Space in the rear would allow minor servicing of the police vehicles with oil and other fluids, or emergency cleaning from a sick or contaminated prisoner, duties which officers usually do themselves. The space would also provide an area for processing vehicles that might have been involved in a crime scene. There would be a temporary storage area for animals, an armory, and, a response team room where officers could be equipped for handling special emergencies.
The second floor would house the locker and fitness rooms with access to the administration area, where the chief and the captains would have offices. There is space for the administrative assistant and the secretary to the captains. Both a conference room for small meetings would be available as well as a room that could be set-up as a major crime room for detectives and the prosecutor who is also housed there.
The selectmen sat silently, sometimes smiling and nodding heads in apparent agreement over the plans which Wrenn called a "dynamite design." No criticism was made about any of part of the plans, which will be on display for the public in the selectmen's room. Selectman Bonnie Searle asked if the estimate was still over $5 million.

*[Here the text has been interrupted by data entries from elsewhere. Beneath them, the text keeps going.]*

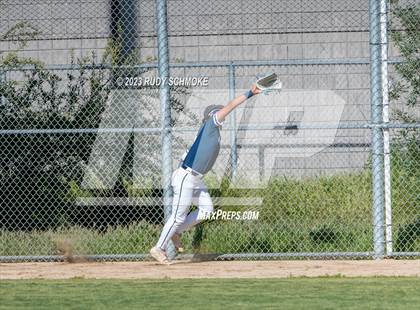 Thumbnail 3 in Grossmont @ San Marcos (Lioms Tournament) photogallery.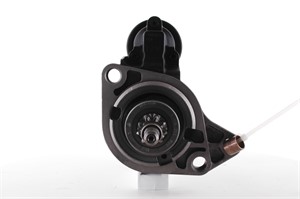Käynnistin, audi a3, ford galaxy i, vw corrado, golf iii, passat b3/b4, passat b3/b4 variant, 020 911 023 J, 020 911 023 L, 020 911 023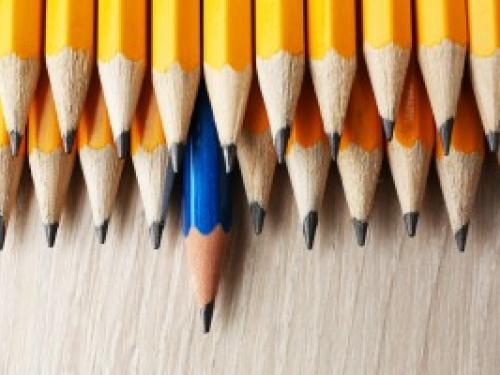 Pencils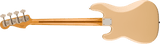 Fender Vintera II '50s Precision Bass (Desert Sand)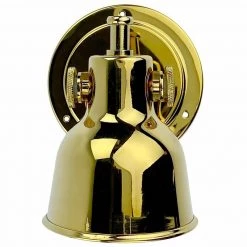 SEAVOLT Interior Lighting Titanium Nitride Coated LED Berth Light -Lighting Sales Shop 20233292 3 1500.12072021023216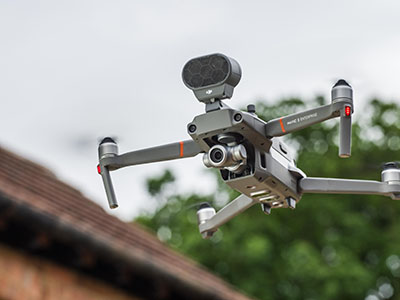 德令哈航拍公司测绘 (1).jpg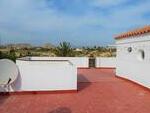 VIP7867: Villa for Sale in Vera, Almería VIP7867: Villa for Sale in Vera, Almería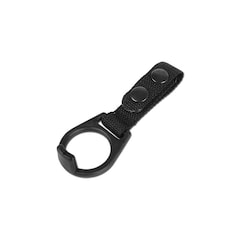 Mil-Tec Torch or Baton Holder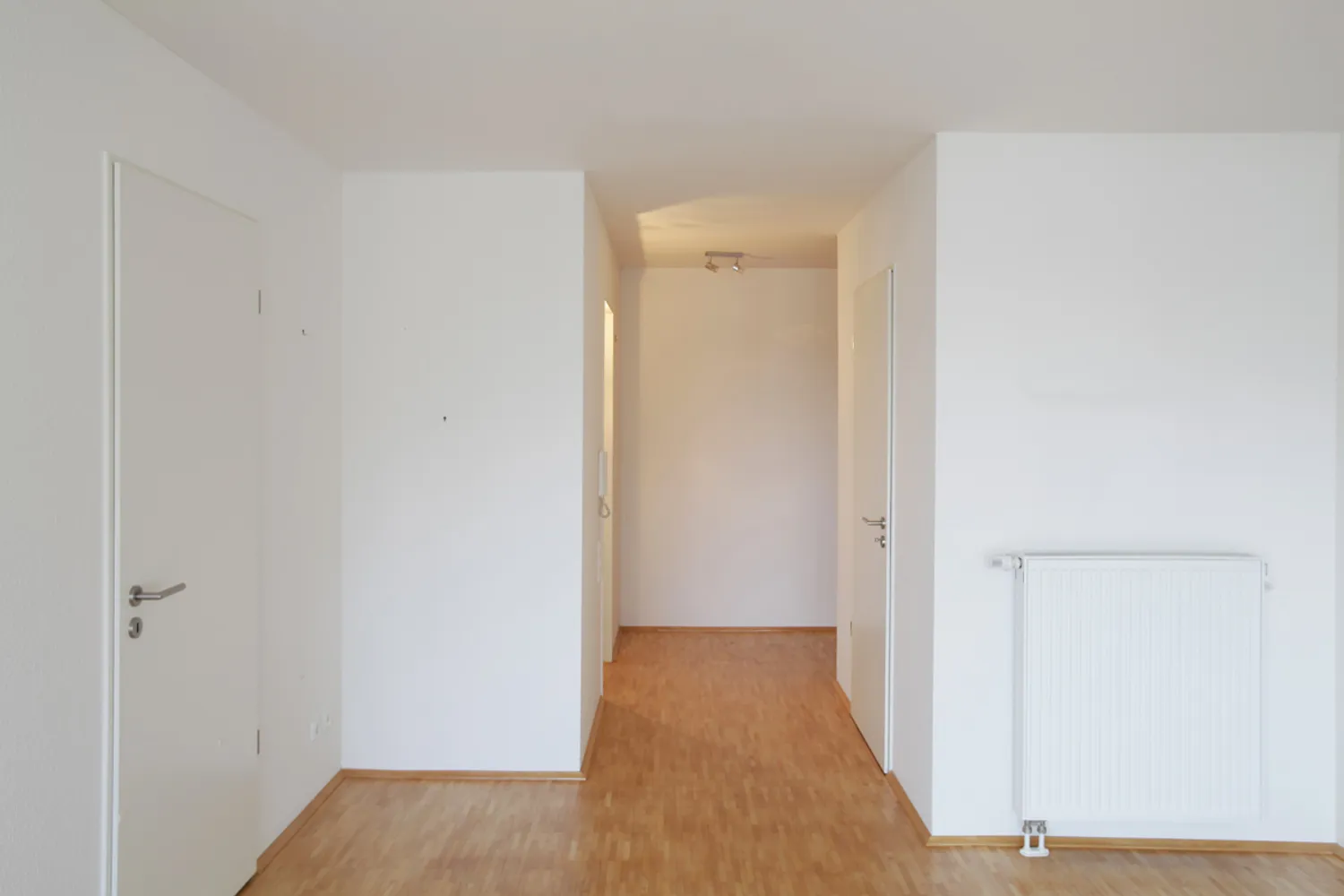 2 Zimmer Wohnung mit 75 m² in Mönchengladbach – Bild 3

Wrenn said that was correct; however, the cost of the building fully equipped would be $3.4 million. Intangible costs could possibly be further reduced depending on the disposition of the courthouse and the town buildings. There is $100,000 in his budget to move the courthouse. He stated that the costs had already been reduced and that the building was not an office building but a 24-hour turn-key facility that had been planned to take hard use and abuse.
Wrenn gave credit to captain Timothy Crotts, Steve Henderson (head of the patrolmen association), and other officers who had put forth many suggestions and much effort in the design. He cited the cooperation and extra efforts of project architect Joseph Griffith and the personnel at Kaestle Bros. Associates.